Он неохотно приближался к дому в лощине между пальцев горных вершин, светящемуся и чужому. Он увидел, как там загорались желтые огни, и повернул назад, всем сердцем желая, чтобы ему не нужно было туда возвращаться, вновь встречаться с этими людьми, слушать гул их голосов и чувствовать присутствие других людей. Он был одиноким, словно его сердце было окружено пустотой, словно оно находилось в идеальной ледяной оболочке.

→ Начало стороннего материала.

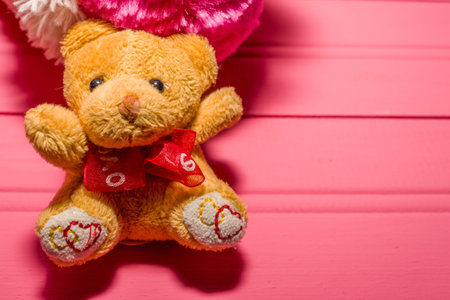 small yellow teddy bear on pink wooden background with space to place textの写真素材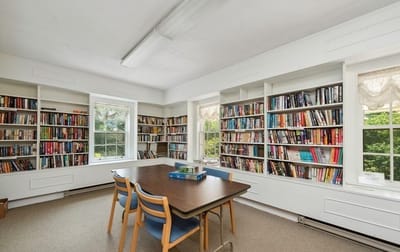 Interior of a library filled with books and a table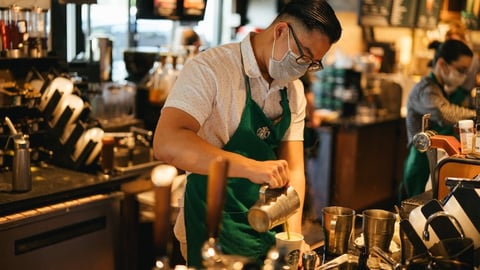 A male barista prepares a drink at the bar while wearing a mask and his work apron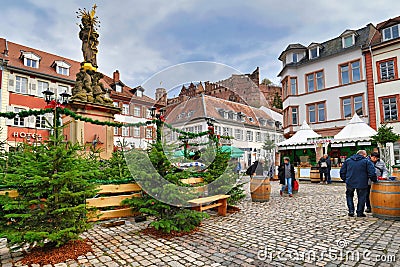 `Winter woods` with multiple fir trees standing around fountain with Madonna statue at square called `Kornmarkt` as part of tradit Editorial Stock Photo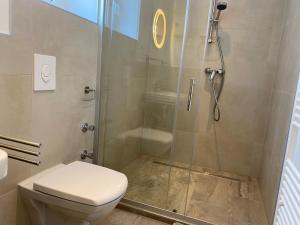 a bathroom with a toilet and a glass shower at interaktiv . Appartements in Heiligenhaus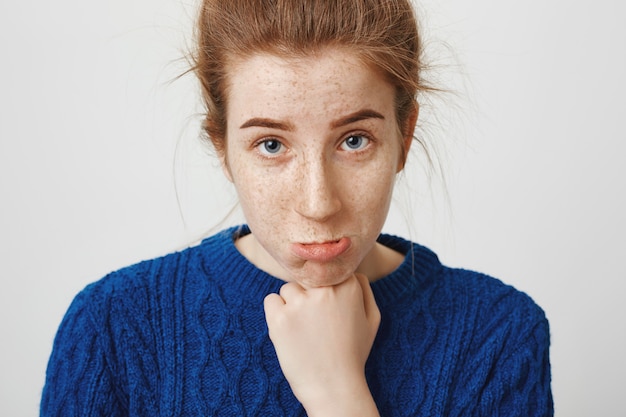 Free photo silly cute redhead girl making innocent face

Но как только он увидел Гудрун, его сердце сделало сильный скачок. Она, такая величественная и восхитительная, снисходительно и мило улыбалась немцам. В его душе внезапно проснулось желание – желание убить ее. Он подумал, какой же упоительный, чувственный экстаз, должно быть, ощутит он, убивая ее. Весь вечер его мысли где-то витали, снег и его безумное желание сделали его совершенно иным человеком. Но эта идея жила в нем постоянно – как же, должно быть, восхитительно душить ее, выдавить из нее последнюю искру жизни, чтобы ее обмякшее тело, обмякшее навеки, безвольно лежало – мягкое мертвое тело, мертвое, как булыжник. Тогда она будет, наконец, принадлежать ему всецело и навеки; это будет восхитительный, пьянящий конец.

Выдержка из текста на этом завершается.